> _WORK ORDER_
Nothing but the lines from the one holding "5663 Sanderling Circle, Hitchcock, TX 77563" through the last line of the material below should be set down, exactly and without images.

***** SUPPLIED MATERIAL

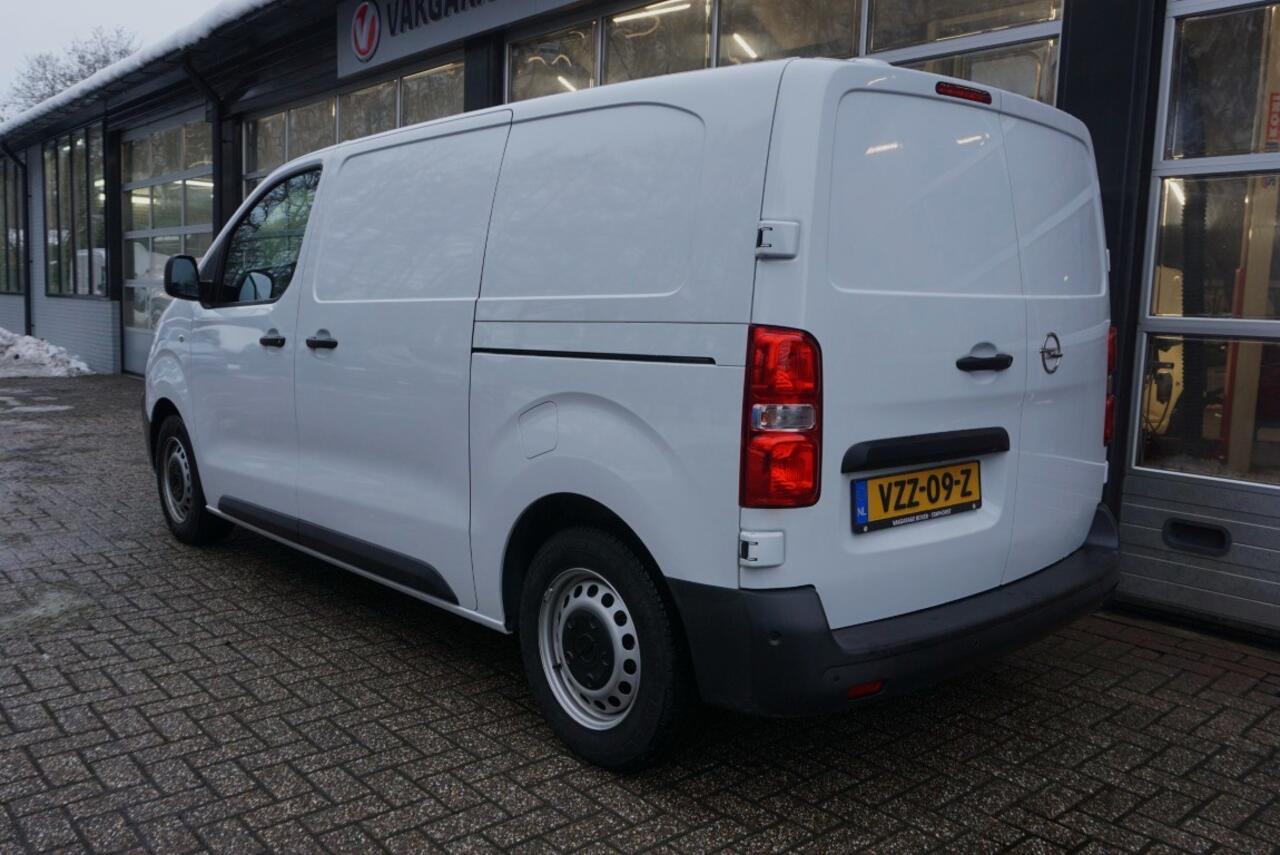 Opel VIVARO Electric L2 50 kWh Camera/Navi/PDC!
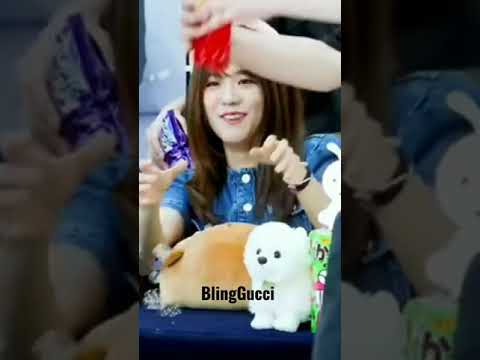 Bubbles don’t feel like stopping they want to play with Jisoo😂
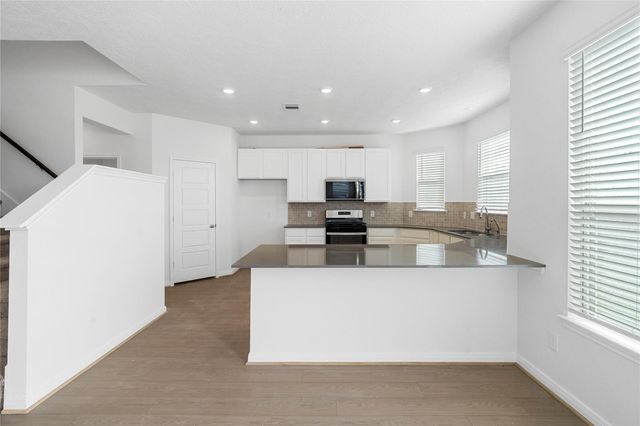 5663 Sanderling Circle, Hitchcock, TX 77563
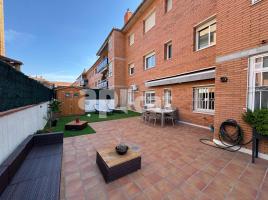Piso, 115.00 m², cerca de bus y tren, seminuevo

**********

> _ANSWER FOR THE TASK_
 5663 Sanderling Circle, Hitchcock, TX 77563
Piso, 115.00 m², cerca de bus y tren, seminuevo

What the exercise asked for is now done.